新春に池袋、新文芸坐で「仁義なき戦い」シリーズを4作品みてきた。
すでに物故された名優が次々に出演する。菅野文太以外は金子信雄がシリーズを通して生き残る。
凄惨なシーン満載の一方でおかしみもあって館内から笑いが起きる。
面白かったのは、金子信雄演じる親分を松方弘樹演じる坂井が、親分とは神輿の上に載った存在であり、担ぎ手がいなければ神輿は歩くこともできないと喝破したシーン。いわゆるお神輿モデルである。
お神輿モデルは、ヒエラルキーのある組織の、かつての日本方組織のあり方を上手く表現していた。

この映画に全く関係ない、中井久夫さんが引用文献なしで、戦前日本にはお神輿モデルがあり、担ぎ手の勢いが余って大陸すなわち満州に侵略したという内容の文章を書かれた。そのお神輿とは旧陸軍であろう。

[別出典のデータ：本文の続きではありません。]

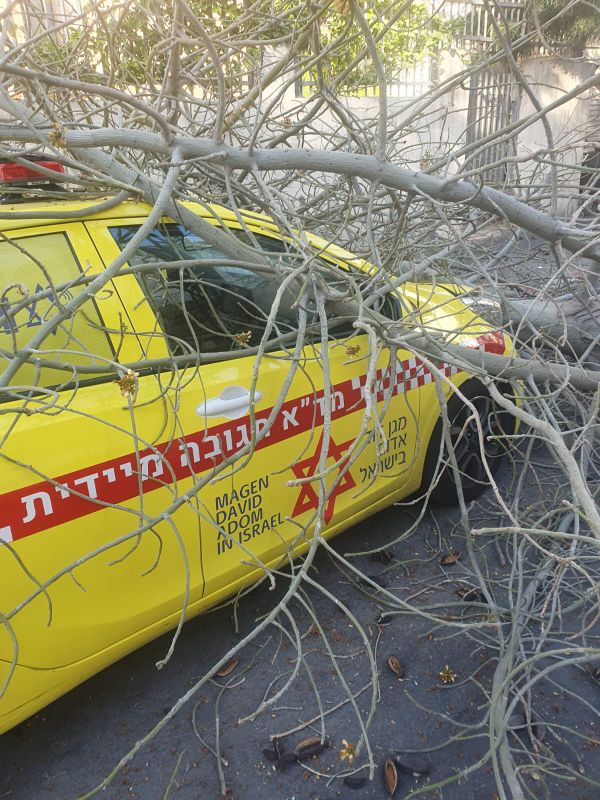 תל אביב: עץ קרס על ניידת מד"א; הצוות ניצל. צפו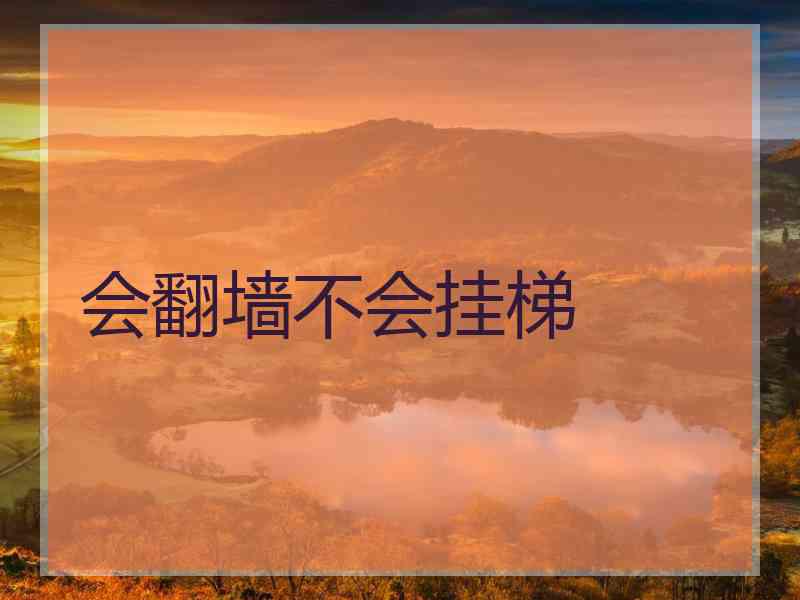 会翻墙不会挂梯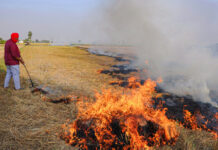 Stubble Burning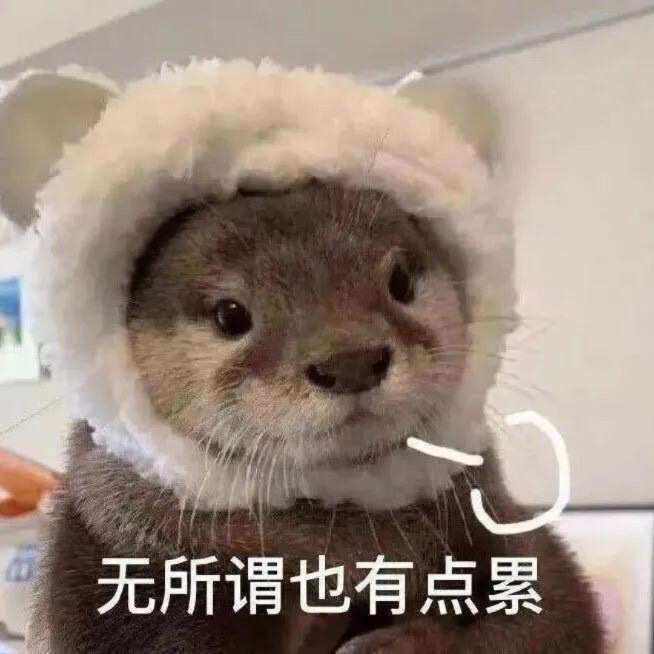 这个月就休息了一天，实在扛不住今天休息。大早上就被电话打醒，语音和消息多到爆炸，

お神輿モデルは祝祭的で、そちら関係の映画にぴったりだが、ひょっとして、戦争にも祝祭のような側面があるのかもしれない。
中井久夫さんがどんな映画が好みかは存じあげないが、深作欣二は多分違うと思っていた。
話しを戻すと、映画はもはや成立し得ない戦後の混乱を背景とした実録を描き、まるで昭和の残した何がしかが、暗黙のうちに、汗まみれで立っているようにみえた。